5 Tips to Add More Colour and Creativity to Your Plein Air Painting
1. Change Up Your Size
For example, if you usually paint 8×10, challenge yourself to create a series of micro minis. The small scale will force you to solidify a strong composition and use your brushstrokes wisely. Or you could try your hand at something larger, like a 16×20. Working at a larger scale will challenge you to work faster, more intuitively, and cover more area with your brushstrokes before the paint dries or the light changes. Changing the size of your substrate will offer a myriad of challenges to you as an artist and will help keep your work fresh.
I often use my small plein air paintings as sketches to capture the raw feeling of the environment, and the colours and textures that initially caught my eye. Then, when I’m back in the studio I’ll use the studies as inspiration for larger works of art. I love to paint BIG, often up to 6 or 7 feet wide and I enjoy the challenge of translating the small plein air sketches into large-scale completed paintings.
I prefer to paint large because there is so much room to explore colour transitions and textures, and working on a small canvas is a big challenge for me. Working on a small scale forces me to identify the most important elements of the scene; every decision I make while painting is intended to make these elements stand out.
In this sense, I believe it’s more than OK to use your artistic license to alter the composition, push values, deepen colours — all in order to strengthen your painting, which brings me to the power of colour . . .
2. Use a Different Palette of Colours Than You Are Used To
Colour is a major factor in my paintings, and I could spend a lifetime experimenting with colour mixing. Challenge yourself to use a different combination of primaries and see how far you can push your colour mixing. Who knows? You might find your new favourite colour.
For my plein air palette, I use primarily Golden brand acrylic paints consisting of either a warm and cool version of red, yellow, and blue, plus titanium white OR each of the primary magenta, cyan, yellow, plus titanium white.
If I have room, I might also include green gold, cobalt teal, and quinacridone burnt orange to use as a transparent warm glaze.
There are so many methods to try if you’d like to expand your colour mixing ability – monochromatic, complementaries, spontaneous choices – have fun and experiment!

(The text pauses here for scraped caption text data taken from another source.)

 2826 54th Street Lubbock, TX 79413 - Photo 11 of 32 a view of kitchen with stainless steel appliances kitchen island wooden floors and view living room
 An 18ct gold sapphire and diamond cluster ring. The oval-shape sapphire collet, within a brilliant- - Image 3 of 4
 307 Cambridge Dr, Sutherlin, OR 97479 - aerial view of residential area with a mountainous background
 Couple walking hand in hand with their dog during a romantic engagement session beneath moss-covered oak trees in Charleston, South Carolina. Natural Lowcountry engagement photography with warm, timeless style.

3. Get Creative With Color
Many traditional plein air painters attempt to capture the scene exactly how it appears. In my world, colour is key to creative expression. Don’t be afraid to push your colour in terms of value, saturation, or imagination. Exaggerating the contrast between lights and darks, saturated and desaturated colours helps clarify your composition and add powerful visual interest to your art.

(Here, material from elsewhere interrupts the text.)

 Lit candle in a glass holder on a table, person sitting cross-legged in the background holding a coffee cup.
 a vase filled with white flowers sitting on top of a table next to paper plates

Plein air painting doesn’t always have to be representational or realistic in its appearance. For me, it’s about creating a dynamic composition, capturing the major elements of the scene I’m painting, and using mark making and color to express how the environment makes me feel. An orange sky, pink rocks, purple ocean — if you place your values correctly, it frees you up to get creative with colour and still create a successful painting.

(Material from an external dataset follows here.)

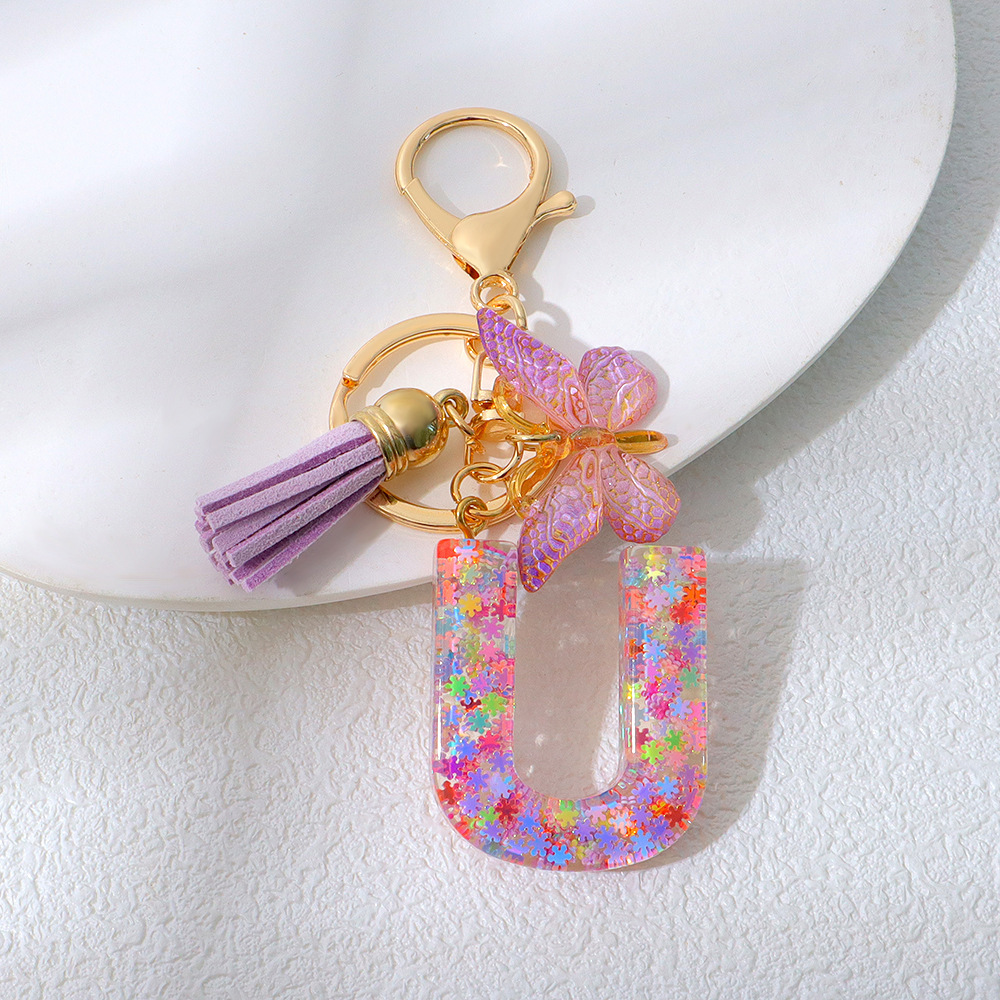 Wholesale purple snowflake sequined epoxy resin letter keychains, tassel butterfly pendants, decorations, and gifts.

Using a limited palette of paints and relying mainly on your ability to mix a wide variety of colours from them is an easy way to create harmony within your artwork, regardless of whether you prefer to paint realistically or a little bit more creatively.
4. Try Different Tools
Try brushes in a different size or shape, palette knives, or even add in some silicone catalyst tools for different effects and texture.
I usually start out with brushes to work out the composition and create a simple background to work from. However, I find that I tend to get fussy and start obsessing about the details too quickly. To keep the painting loose and fresh, I turn to my palette knives, which give me less control and more freedom of expression. I ask myself, What can I say with one swipe of my palette knife that I would usually have used five or six brushstrokes to express?
I also enjoy the variety of impasto marks and three-dimensional texture that I can create with palette knives. When light skims across the surface of the painting, all of these strokes and details come alive.
5. Try Adding Mixed Media in Your Landscape Painting
It can be fun and interesting to incorporate new mediums such as watercolour, acrylic, gouache, pastel, etc.
This summer I’ve been experimenting with mixed media landscapes using layers of acrylic, charcoal, and oil pastel, and I love the unexpected results.
Allow yourself to be free from your inner critic, especially when you are experimenting and trying something new. For me, plein air painting is an opportunity to try new ways of working and to loosen up and be free. It’s a way to capture the feeling and energy of a place, not just what it looks like. What makes it special? What colours stand out to you? Use the comment section below to tell us!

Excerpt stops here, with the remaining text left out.